Average recall and running time of iSARST over various sizes of hit list
| Hit list size | Avg. recall (%) | Avg. running time with different refinement engines (s) | ||
|---|---|---|---|---|
| FAST | TM-align | SAMO | ||
| 100 | 75.4 | 3.11 | 4.03 | 19.94 |
| 250 | 82.9 | 4.88 | 6.07 | 30.45 |
| 500 | 85.1 | 7.78 | 9.41 | 47.43 |
| 1000 | 87.3 | 13.38 | 15.46 | 77.89 |
| 2500 | 91.0 | 29.69 | 32.47 | 167.15 |
| 5000 | 93.9 | 61.31 | 66.47 | 295.33 |
| 10 000 | 96.8 | 102.46 | 130.45 | 506.21 |
| 25 000 | 99.6 | 242.38 | 273.15 | 1184.95 |
| 34 055 | 100.0 | 320.89 | 364.91 | 1574.95 |
Query and target databases used in these information retrieval experiments are the same as those in (31) and (9). The target database contains 34 055 protein domains collected from SCOP. Eighty processors were recruited to share the calculations. Without this multi-processor system, the running time on a single machine can be approximately 60 times longer. For instance, at 100% recall level, when FAST was applied to align one query to all target proteins, it took 19 003 s in average.

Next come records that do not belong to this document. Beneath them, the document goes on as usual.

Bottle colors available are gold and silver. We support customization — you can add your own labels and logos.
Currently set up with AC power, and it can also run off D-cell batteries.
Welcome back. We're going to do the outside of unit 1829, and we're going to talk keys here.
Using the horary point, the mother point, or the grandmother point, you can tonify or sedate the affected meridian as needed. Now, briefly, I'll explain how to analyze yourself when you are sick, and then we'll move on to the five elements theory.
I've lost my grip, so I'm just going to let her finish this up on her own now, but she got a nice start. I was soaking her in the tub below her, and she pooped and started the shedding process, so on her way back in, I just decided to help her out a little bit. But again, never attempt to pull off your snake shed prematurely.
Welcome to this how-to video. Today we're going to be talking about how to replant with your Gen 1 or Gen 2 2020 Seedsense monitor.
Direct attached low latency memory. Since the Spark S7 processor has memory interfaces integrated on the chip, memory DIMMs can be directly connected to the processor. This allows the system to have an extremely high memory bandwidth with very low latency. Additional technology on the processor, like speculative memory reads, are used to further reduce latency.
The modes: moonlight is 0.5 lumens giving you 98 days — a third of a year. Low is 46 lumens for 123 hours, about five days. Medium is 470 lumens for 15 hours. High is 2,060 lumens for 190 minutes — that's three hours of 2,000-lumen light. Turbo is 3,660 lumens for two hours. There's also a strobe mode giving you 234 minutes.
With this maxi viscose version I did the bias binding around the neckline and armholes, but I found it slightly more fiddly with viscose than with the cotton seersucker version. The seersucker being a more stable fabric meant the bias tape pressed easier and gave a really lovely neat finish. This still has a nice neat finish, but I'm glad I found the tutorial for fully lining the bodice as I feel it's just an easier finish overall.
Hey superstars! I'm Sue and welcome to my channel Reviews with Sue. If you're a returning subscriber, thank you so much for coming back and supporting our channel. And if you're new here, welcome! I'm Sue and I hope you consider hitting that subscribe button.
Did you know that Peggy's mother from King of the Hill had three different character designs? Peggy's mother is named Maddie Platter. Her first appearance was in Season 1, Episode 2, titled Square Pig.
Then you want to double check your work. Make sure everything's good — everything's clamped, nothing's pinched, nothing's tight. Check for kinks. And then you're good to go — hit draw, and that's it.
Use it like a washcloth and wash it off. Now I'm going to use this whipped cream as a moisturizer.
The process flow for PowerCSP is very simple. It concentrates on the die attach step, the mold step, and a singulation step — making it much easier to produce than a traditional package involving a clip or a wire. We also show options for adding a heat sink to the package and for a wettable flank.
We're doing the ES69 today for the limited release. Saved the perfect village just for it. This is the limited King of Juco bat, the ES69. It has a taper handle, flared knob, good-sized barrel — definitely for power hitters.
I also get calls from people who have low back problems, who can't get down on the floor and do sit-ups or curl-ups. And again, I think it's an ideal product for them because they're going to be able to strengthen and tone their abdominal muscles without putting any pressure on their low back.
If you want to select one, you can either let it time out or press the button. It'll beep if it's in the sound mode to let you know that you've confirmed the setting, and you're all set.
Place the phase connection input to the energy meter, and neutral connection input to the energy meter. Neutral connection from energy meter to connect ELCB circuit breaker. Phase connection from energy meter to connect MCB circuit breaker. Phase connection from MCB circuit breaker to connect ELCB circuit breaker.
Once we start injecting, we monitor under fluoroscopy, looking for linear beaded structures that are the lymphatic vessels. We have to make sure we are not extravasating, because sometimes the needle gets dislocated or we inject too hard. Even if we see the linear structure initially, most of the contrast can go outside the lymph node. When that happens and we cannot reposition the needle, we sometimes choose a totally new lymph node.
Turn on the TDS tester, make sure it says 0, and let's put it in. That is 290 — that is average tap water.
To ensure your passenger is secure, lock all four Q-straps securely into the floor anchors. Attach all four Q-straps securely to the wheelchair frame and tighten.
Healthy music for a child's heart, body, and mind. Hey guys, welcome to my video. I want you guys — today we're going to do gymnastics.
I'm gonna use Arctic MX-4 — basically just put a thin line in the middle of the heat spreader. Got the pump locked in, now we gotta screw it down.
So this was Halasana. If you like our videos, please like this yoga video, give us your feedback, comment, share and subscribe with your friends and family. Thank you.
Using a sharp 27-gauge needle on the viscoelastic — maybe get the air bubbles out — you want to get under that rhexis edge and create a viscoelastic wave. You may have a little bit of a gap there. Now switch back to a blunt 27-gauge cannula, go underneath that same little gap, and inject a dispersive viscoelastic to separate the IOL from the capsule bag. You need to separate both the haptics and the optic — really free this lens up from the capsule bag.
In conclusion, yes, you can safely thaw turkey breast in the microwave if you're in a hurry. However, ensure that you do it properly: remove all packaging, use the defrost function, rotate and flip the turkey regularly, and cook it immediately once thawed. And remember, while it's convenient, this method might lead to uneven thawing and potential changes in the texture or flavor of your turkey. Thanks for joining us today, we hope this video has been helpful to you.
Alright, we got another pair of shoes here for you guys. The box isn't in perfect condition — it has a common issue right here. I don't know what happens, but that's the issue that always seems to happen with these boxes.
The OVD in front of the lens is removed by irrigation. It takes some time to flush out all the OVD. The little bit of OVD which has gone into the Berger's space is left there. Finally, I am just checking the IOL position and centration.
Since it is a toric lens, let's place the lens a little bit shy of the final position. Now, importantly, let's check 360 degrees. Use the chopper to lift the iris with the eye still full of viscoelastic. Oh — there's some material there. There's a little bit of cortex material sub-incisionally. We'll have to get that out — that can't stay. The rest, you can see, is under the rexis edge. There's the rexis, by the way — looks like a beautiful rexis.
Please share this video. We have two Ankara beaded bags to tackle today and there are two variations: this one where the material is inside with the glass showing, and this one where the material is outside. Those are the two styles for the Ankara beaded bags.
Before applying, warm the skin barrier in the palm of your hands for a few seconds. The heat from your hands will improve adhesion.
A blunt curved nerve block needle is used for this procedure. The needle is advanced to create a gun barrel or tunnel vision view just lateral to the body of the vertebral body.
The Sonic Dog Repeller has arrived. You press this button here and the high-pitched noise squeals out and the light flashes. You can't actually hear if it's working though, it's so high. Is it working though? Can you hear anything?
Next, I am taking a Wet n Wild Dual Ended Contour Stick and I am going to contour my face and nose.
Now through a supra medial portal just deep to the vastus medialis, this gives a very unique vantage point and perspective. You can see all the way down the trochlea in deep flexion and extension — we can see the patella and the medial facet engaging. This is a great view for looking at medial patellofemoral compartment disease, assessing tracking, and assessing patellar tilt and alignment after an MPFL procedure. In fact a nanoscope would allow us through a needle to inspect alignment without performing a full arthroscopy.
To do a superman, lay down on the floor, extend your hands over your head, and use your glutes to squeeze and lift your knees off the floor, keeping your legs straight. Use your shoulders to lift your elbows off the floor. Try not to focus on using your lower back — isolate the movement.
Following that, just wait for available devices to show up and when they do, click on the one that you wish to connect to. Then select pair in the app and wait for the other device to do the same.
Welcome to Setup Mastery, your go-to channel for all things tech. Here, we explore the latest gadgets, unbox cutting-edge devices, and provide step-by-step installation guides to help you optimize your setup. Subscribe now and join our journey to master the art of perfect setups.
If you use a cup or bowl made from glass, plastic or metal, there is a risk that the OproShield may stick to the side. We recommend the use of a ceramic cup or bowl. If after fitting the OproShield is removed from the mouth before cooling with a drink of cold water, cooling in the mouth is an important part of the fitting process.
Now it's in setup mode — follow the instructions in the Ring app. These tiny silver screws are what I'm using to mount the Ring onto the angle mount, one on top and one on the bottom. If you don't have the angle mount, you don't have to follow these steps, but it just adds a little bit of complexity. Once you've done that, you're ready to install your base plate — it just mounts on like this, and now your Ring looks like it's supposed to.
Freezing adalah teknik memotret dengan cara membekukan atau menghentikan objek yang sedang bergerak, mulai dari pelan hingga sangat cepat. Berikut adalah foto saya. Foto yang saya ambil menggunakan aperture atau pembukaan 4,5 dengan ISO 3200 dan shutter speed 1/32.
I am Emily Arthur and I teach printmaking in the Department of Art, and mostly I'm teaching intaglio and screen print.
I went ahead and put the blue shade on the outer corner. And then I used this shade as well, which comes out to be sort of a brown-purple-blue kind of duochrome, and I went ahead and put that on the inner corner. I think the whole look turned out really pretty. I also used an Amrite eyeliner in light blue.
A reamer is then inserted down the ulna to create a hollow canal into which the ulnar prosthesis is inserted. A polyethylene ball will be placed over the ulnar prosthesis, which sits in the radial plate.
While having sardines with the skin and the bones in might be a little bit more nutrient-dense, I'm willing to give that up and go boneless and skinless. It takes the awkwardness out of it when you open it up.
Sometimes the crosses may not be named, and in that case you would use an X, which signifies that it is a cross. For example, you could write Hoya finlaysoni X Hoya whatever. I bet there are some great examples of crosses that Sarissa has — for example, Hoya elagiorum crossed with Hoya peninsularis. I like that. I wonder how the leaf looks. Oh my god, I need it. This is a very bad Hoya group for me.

Figure 2.Final output of iSARST. (a) Hit list. This list can be re-ordered according to various indexes and protein functions by clicking column titles. Functions of the top 5 hits are summarized and highlighted in red. Any protein listed here can be re-submitted to perform a new round of search simply by clicking the searching icon. Several filtering and operational parameters are adjustable in this page. (b) Structure inspection tools and a circularly permuted structural alignment. PDB entries 1dglA (the fifth letter is the chain ID) and 1gv9A are lectins from Dioclea grandiflora (40) and protein ERGIC-53 from Rattus norvegicus (41), respectively; they are carbohydrate binding proteins, a large family in which many CP cases have been identified. The natural CP relation between these two proteins can be detected by iSARST, even if their sequence identity is merely ∼10%. Aligned residue pairs are listed in the right frame. The original structure-based sequence alignment made by the refinement engine, e.g. TM align (29) in this case, and the alignment improved by SE (30) are shown in the lower region. The circularized sequence alignment graph in the center is useful to identify CP. In this example, these proteins can be well aligned only when the 127 amino terminal residues of 1DGL are permuted to its carboxyl terminus. The dot matrix plot is drawn in a way that the darkness of a residue pair is in proportion to its score defined in BLOSUM62 (36). In addition, residues aligned by the refinement engine are colored green. When there is a CP relationship, two parallel green lines can be observed. (c) Results of a co-linear structural alignment. To confirm the existence of a CP, one can compare the results made by co-linear and circularly permuted alignments. As shown in this case, these two circular permutants can only be partially aligned in the co-linear mode. The alignment size is much smaller than that in (b). Besides, there are more unaligned buds in the circularized graph and only one green line can be seen in the dot matrix plot.